Exercise directions
Strip the pictures and reproduce the rest of the listing exactly.

Stored data
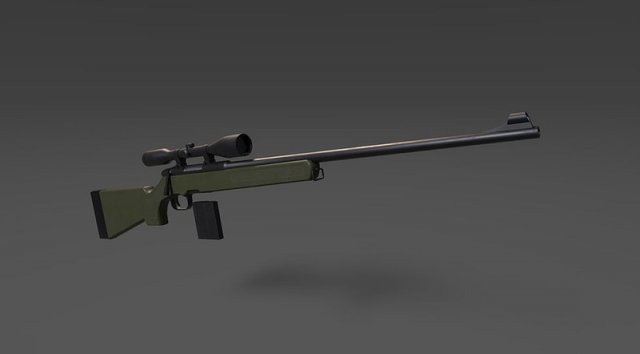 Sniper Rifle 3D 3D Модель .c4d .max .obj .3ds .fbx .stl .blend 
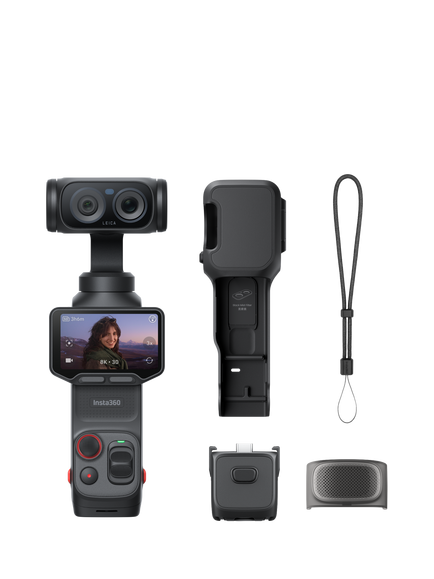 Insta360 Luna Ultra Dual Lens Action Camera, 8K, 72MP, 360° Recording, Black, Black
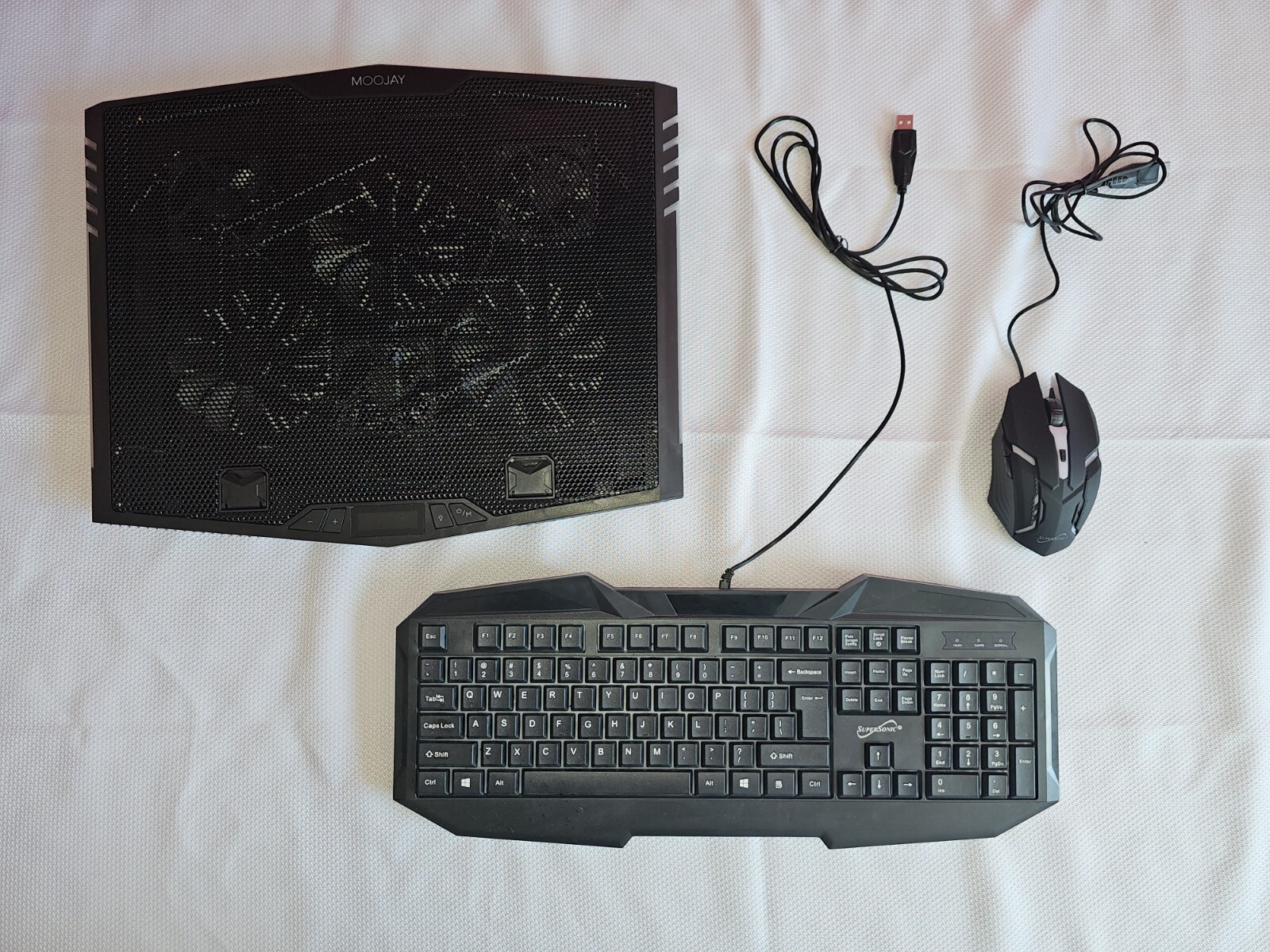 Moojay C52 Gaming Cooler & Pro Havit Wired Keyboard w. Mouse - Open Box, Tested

Response
 Sniper Rifle 3D 3D Модель .c4d .max .obj .3ds .fbx .stl .blend 
 Insta360 Luna Ultra Dual Lens Action Camera, 8K, 72MP, 360° Recording, Black, Black
 Moojay C52 Gaming Cooler & Pro Havit Wired Keyboard w. Mouse - Open Box, Tested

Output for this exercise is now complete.